[Image-caption web data]:
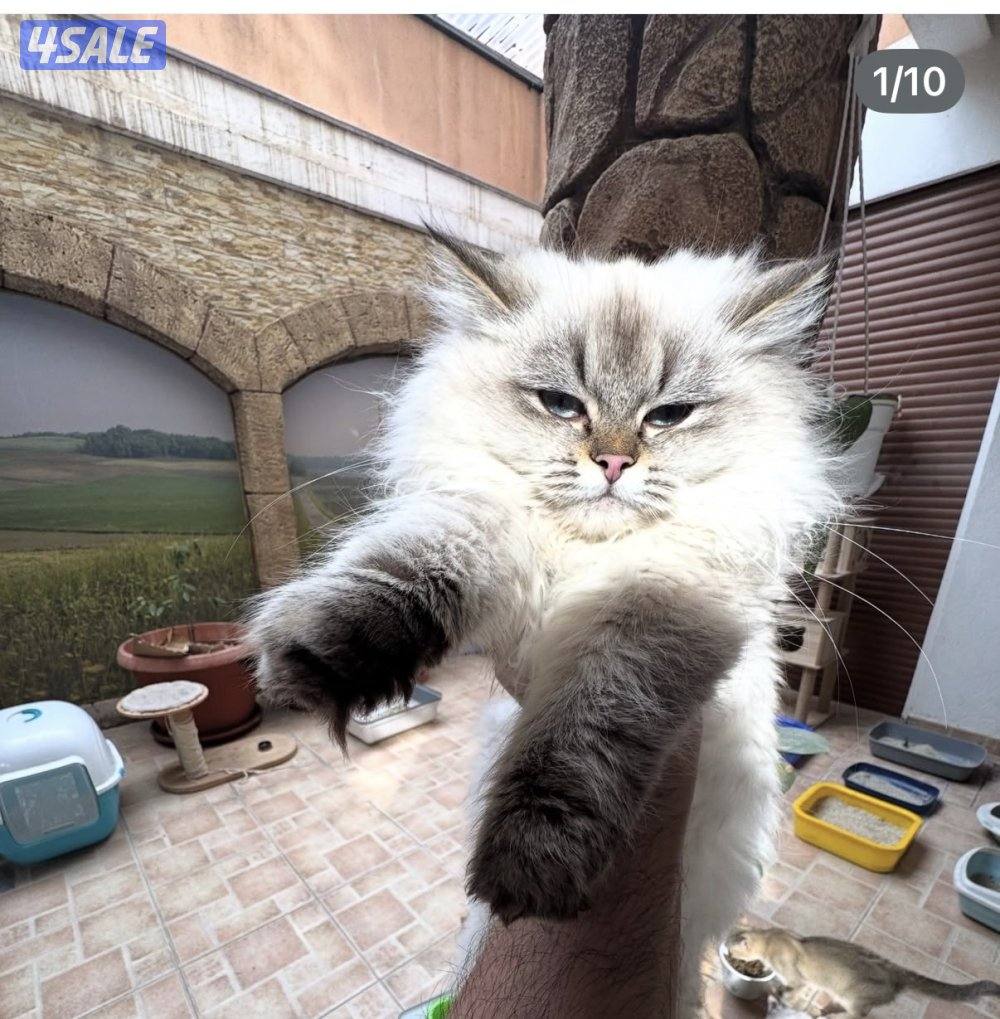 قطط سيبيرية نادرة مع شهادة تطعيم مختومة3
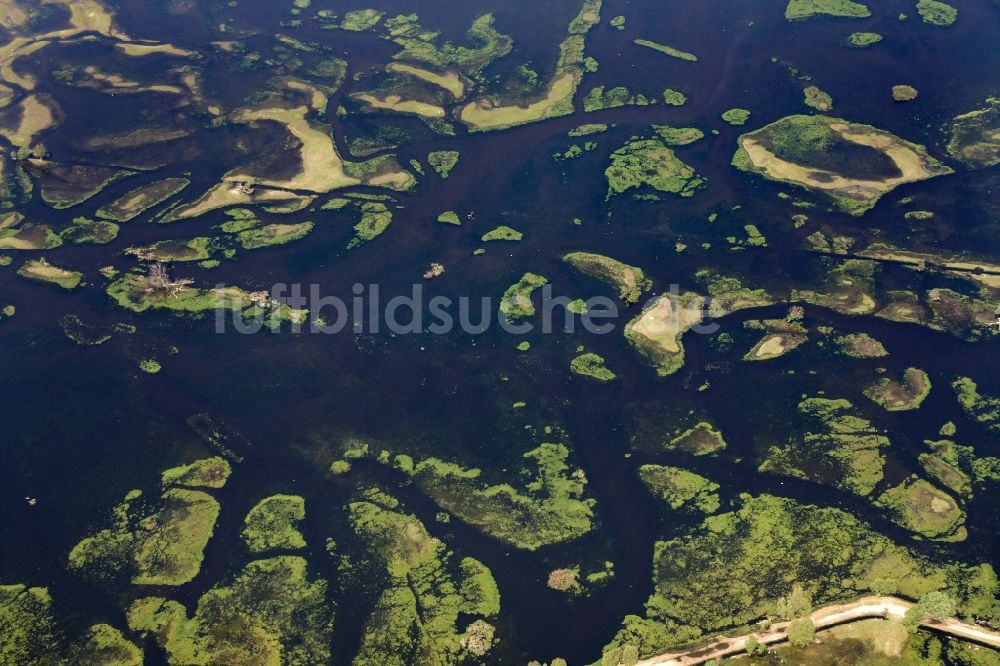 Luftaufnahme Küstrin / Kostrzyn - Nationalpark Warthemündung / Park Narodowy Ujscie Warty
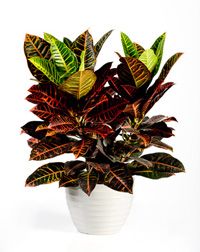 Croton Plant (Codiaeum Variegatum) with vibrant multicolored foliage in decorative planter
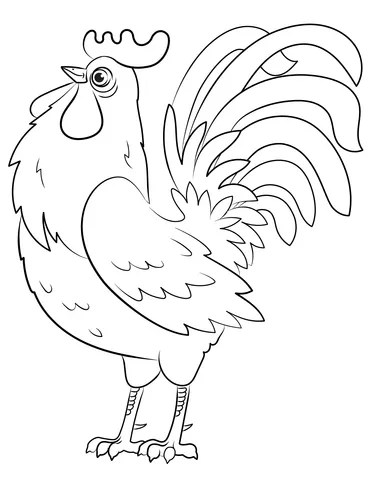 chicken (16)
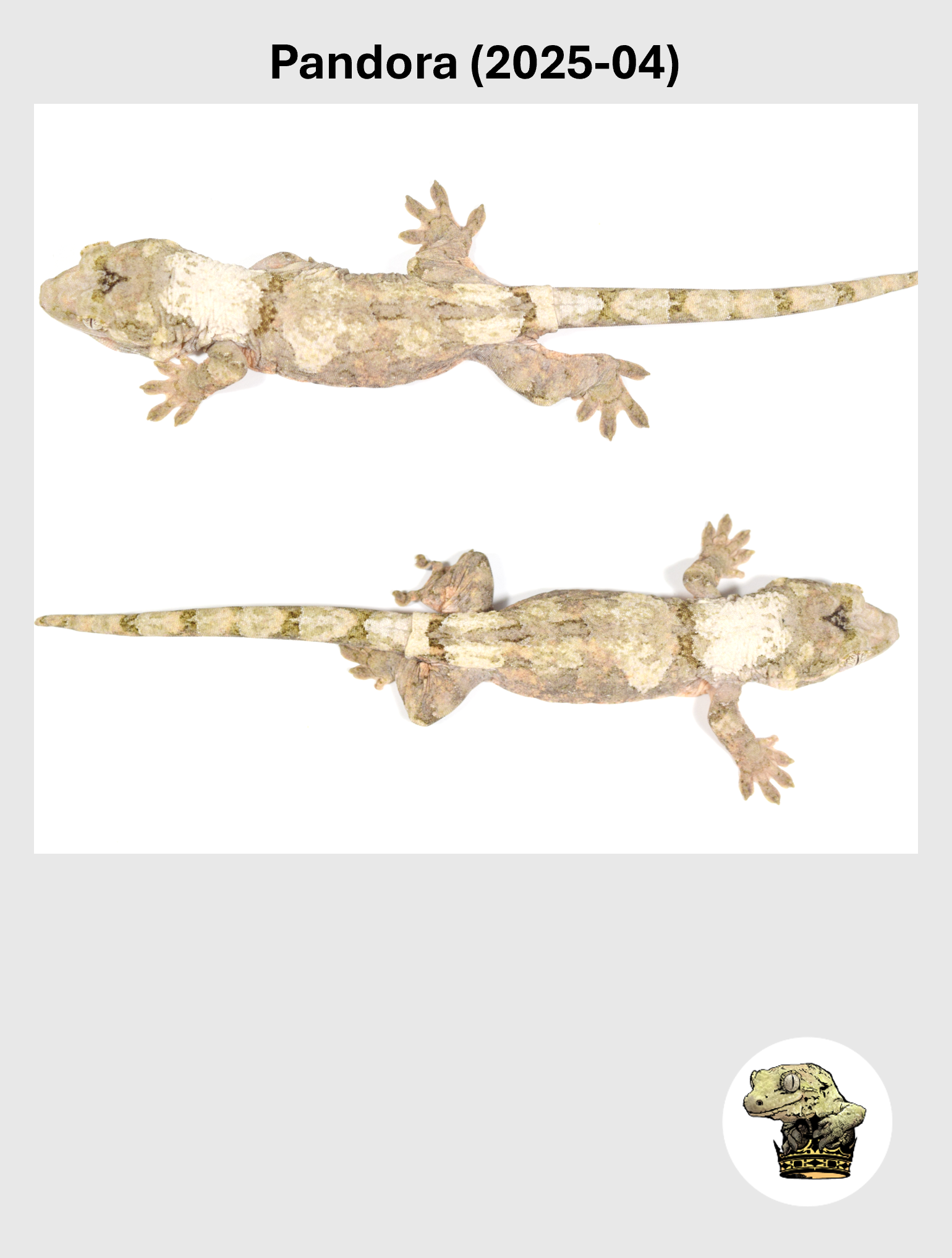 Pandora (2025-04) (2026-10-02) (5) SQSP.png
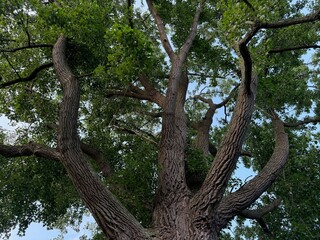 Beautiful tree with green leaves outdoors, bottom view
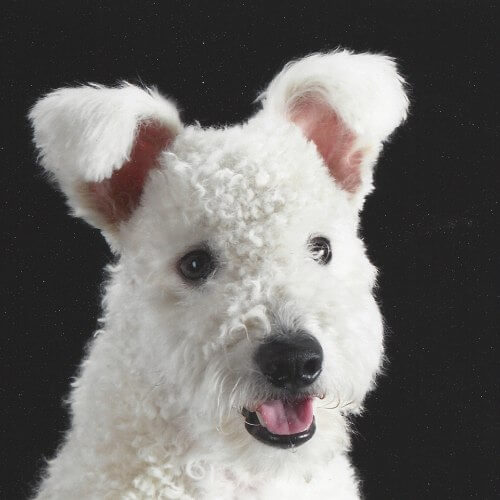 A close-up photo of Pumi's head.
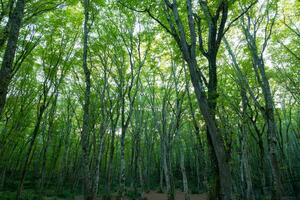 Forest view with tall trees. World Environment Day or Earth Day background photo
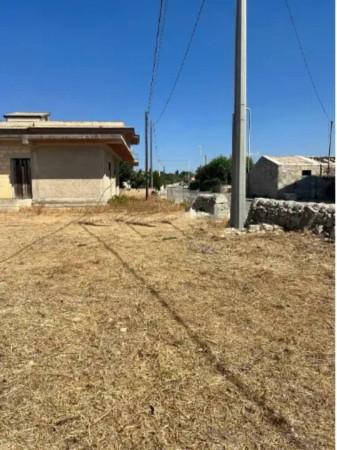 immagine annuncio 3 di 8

[WHAT TO WORK ON]: Return each record exactly as given, excluding any image.

[SOLUTION TO THE PROBLEM]:
 قطط سيبيرية نادرة مع شهادة تطعيم مختومة3
 Luftaufnahme Küstrin / Kostrzyn - Nationalpark Warthemündung / Park Narodowy Ujscie Warty
 Croton Plant (Codiaeum Variegatum) with vibrant multicolored foliage in decorative planter
 chicken (16)
 Pandora (2025-04) (2026-10-02) (5) SQSP.png
 Beautiful tree with green leaves outdoors, bottom view
 A close-up photo of Pumi's head.
 Forest view with tall trees. World Environment Day or Earth Day background photo
 immagine annuncio 3 di 8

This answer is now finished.